As I have argued elsewhere, the notion that AI by its very nature produces a cultural residue devoid of value falls apart the moment one looks at history. The bulk of human production has always been slop. The canon we revere is the tip of an immense iceberg of forgotten, derivative, or simply boring creations. Every time a tool becomes accessible, production multiplies—and mediocrity with it. But from mass mediocrity, every single time, new forms of excellence have emerged. Crawford, like Bender, applies to AI a moral standard that she does not apply to other technologies. Nearly all of our technologies rest on analogous systems of extraction, consumption, and pollution, often on an enormously larger scale; yet we rarely subject intercontinental flight, video streaming, or 3D rendering to the same critical rigour.

The conclusion of The AI Con reveals the structural limit of the entire approach. Bender and Hanna propose “strategic refusal” as a political horizon: saying no to AI, drawing inspiration from Luddite movements and feminist struggles. The invitation is suggestive, but the question left unanswered is: refusal in favour of what? If AI is a technology that, as the book itself documents, is already reshaping work, healthcare, education, and cultural production, refusal without an alternative project risks being a symbolic gesture that leaves the field open to those who govern and deploy these technologies.
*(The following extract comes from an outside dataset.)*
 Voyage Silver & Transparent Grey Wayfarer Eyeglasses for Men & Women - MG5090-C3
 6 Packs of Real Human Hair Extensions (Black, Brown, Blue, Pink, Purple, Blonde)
The authors envision specific, narrow-scope tools designed in collaboration with communities; but this vision sets a very low bar and fails to reckon with the possibility that general-purpose language models have already produced widespread, imperfect, and improvable benefits—benefits that a politics of outright refusal would end up surrendering entirely to those with fewer scruples.
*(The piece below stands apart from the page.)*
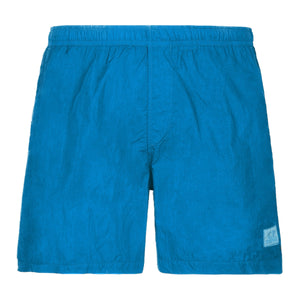 CP Company Eco-Chrome R Stitch Logo Swim Shorts in Tile Blue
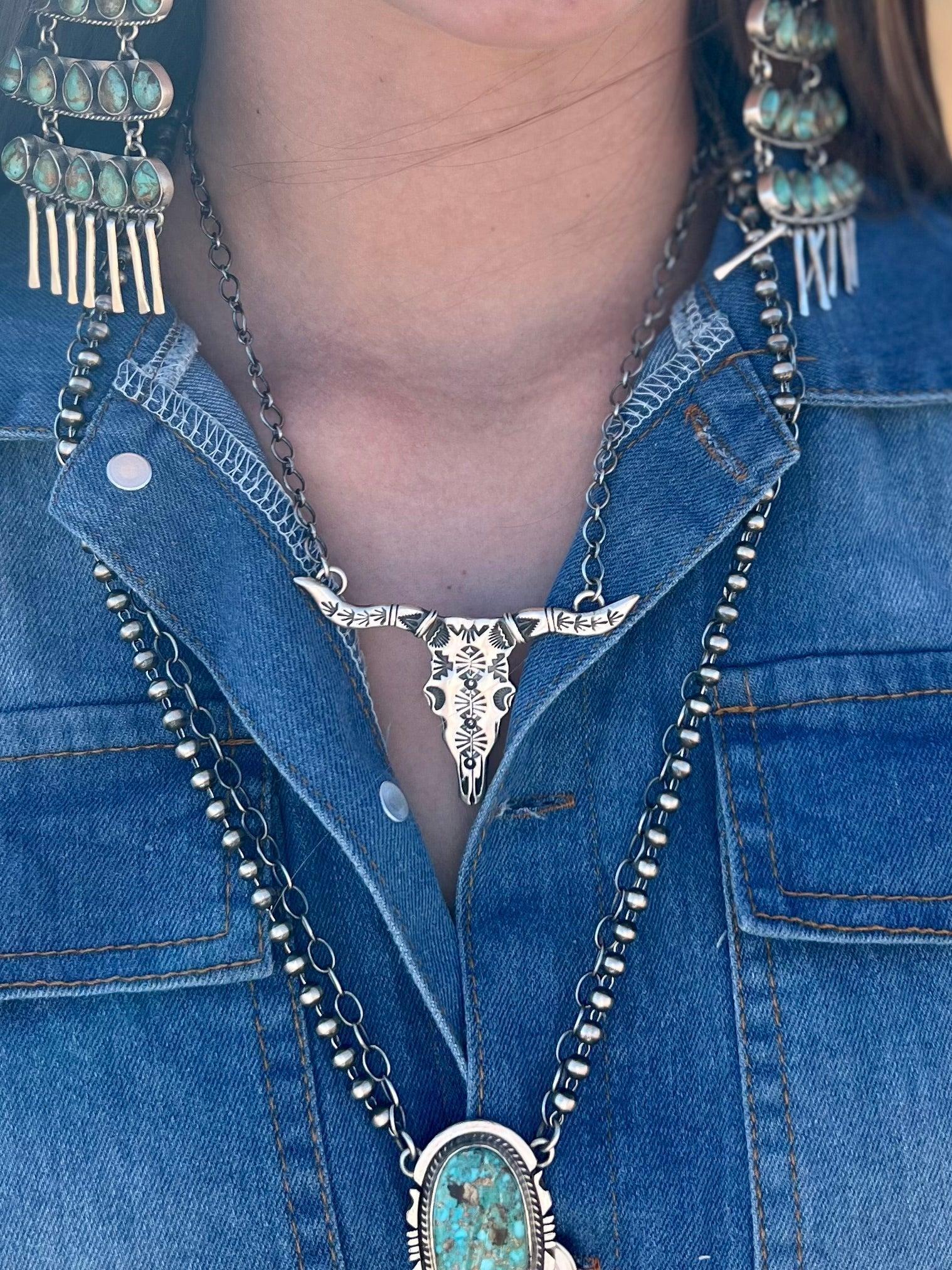 Texas Walker Longhorn Navajo Handcrafted Sterling Necklace Product Image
The position I continue to hold is that these tools have concrete potential, and that precisely for this reason the politically relevant battle concerns who controls them and how they are governed. The denialism of the early period has delayed this discussion, sustained by the illusion that we are dealing with nothing more than an ephemeral and overrated fad. It is time to abandon what Benjamin Bratton has called the first stage of grief towards AI: denial.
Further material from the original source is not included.